Friday, July 12, 2019

Part 7: Saxon England

I'm going on vacation for a week and won't be posting at all. Here's a longer installment for you to pore over if you like.


In Times Past

To gather us up kenship, whyfore in 1066 each of three kings’ claims upon the throne of pretty England lay, let cast us back to eldentime and also mark the structure of the throne and England’s goodly kine.

The structure of the Realm in Anglo-Saxon time placed king above all others hierarchical. The King Himself ruled over all Estates: the Clergy, the Nobility, and then of course the Peasantry. While drawn from ranks of Nobles, kings are sovereign: they be subject naught to stricture of our three Estates.  The Monarch doth insist upon itself from long Antiquity, and not from any other Law or Rule; and therefore kings be subject to no other power there within their Realm (but, likened up to other Men, perhaps to God, who sees the Truth, but waits.)

Below the king are three Estates as you know well. They are like so:

The leader of the First Estate, we call him the Archbishop.  Perches he within the pretty little Church at Canterbury. Under this, the Bishops and the Priests, the abbot and the abby-matroness, the nuns and monks, and laymen of the Church abide his counsel, be it foolish or it wise.

The Second of our three Estates be led here in this Saxon’s land by patriarchs of families be they four. They are called Earls and each rules up above a realm we call an Earldom. Each these Earls hath several Thegns, who mind the lands of Earls and sometimes hold some lands themselves by royal-granted charter.  Thegns then manage Bailiffs, Shire Reeves and Ealdormen, who they themselves administer demesnes of lesser bigness still.

Then the Third Estate; the swiveful,[1] shendful[2] hogs and shrews upon the Earth, who plough and rend and rise our succulence from up the ground and bring to us our food. Mouthbreathing whilst alive, beowing up their lives to better men; and then with dull irregularity, they die.

Even at this time, there were some Freemen left about: skilled craftswrights and some owlers[3] out withacht their rookeries with liberties betrothed by keenest skill.

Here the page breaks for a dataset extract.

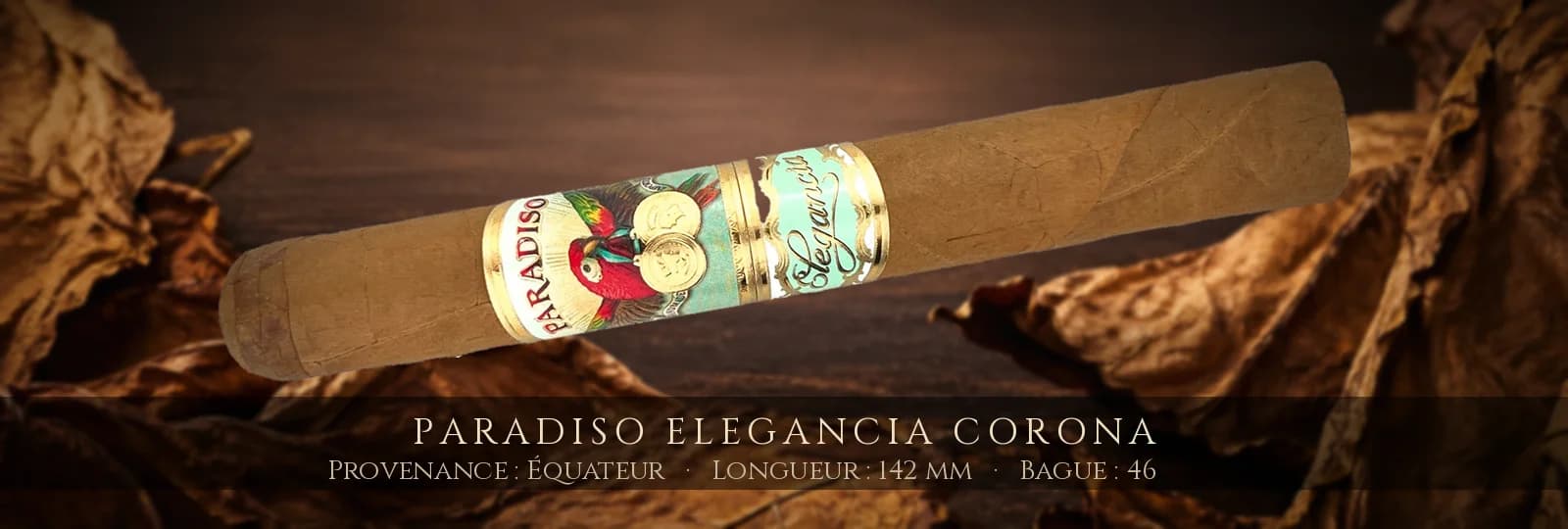 Paradiso Elegancia Corona — Paradiso — Équateur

Also bad there cities, which by royal charter or historical tradition, had they some self-sovereignty.

During these gay eldentimes of weal, that Island Realm of Anglestad were stout and nigh-unshakable. Kings would mint the coin for all to trade. Upon the Spring of every year in five, the king would call to him from every corner of the Realm these precious coins, and mint from them again new coins for every man to use. And as he did this thing, his Chequerman would minister the levy with precision on the sundry population for to fund the mightful nation.

But marry up: this stable and nigh-wealful hierearchy wrought this Anglish wære, this Island, ere to men who seek enrichment by their sword-craft, well a valued destination!

Unready King

The year examined now is that 978. Æthelred II rose he up unto the throne of Saxon realm from on the House of Wessex in the south-by-west. He married up a maid named Emma, she of Normandy; the daughter of the Duke of Upper Normandy, aunthouð.[4] Issued they together several children. Of these kids, the boys they Christened Edmund, Edward and then Ælfred. All of these had in them a direct blood claim to England’s throne and to the throne of Wessex: that the petty kingdom wrought with valor on this Island; there enpeopled by the knights and freemen who had fought the Vikings off a century before.

The Men and Ladies there at Court who served this Æthelred direct spoke beskimpingly[5] of him, their words inhewed with dere.[6] Callow, youthful, green and flawed was Æthelred by all accounts!  Judged he others’ character with stupidness, and acted he with overhaste. History remembers Æthelred as The Unready (though was never called he this whilst still he stood instate.)

What means this, Æthelred, in the Old Anglish moot? It means the phrase “wise council” or, say, “noble council,” forso wisdom is ennobling. And Unræd, what means this and so? Unræd means “he, poorly counseled” or “he, poorly was prepared.” So let the whole be both an apt entitlement but also played by silver-tonguèd bard: “Wise Council, Poorly Counseled” doth the whole of this name say!

He failed to deal with Viking raids against his Eastern shores. These forays, were they not so base as merely for the plunder, but coordinated assaults from armies regular. These armies were they general’d in the main by Olaf, King of Norway; and Swein Forkbeard, King of Danes. But rather use his stable levy coin to fortify and fight, King Æthelred chose foolishly to pay these brutes to yield. Since these stern Vikings were the Danes, the money he so paid was known as Dane-geld, and the name of it persists to modern days.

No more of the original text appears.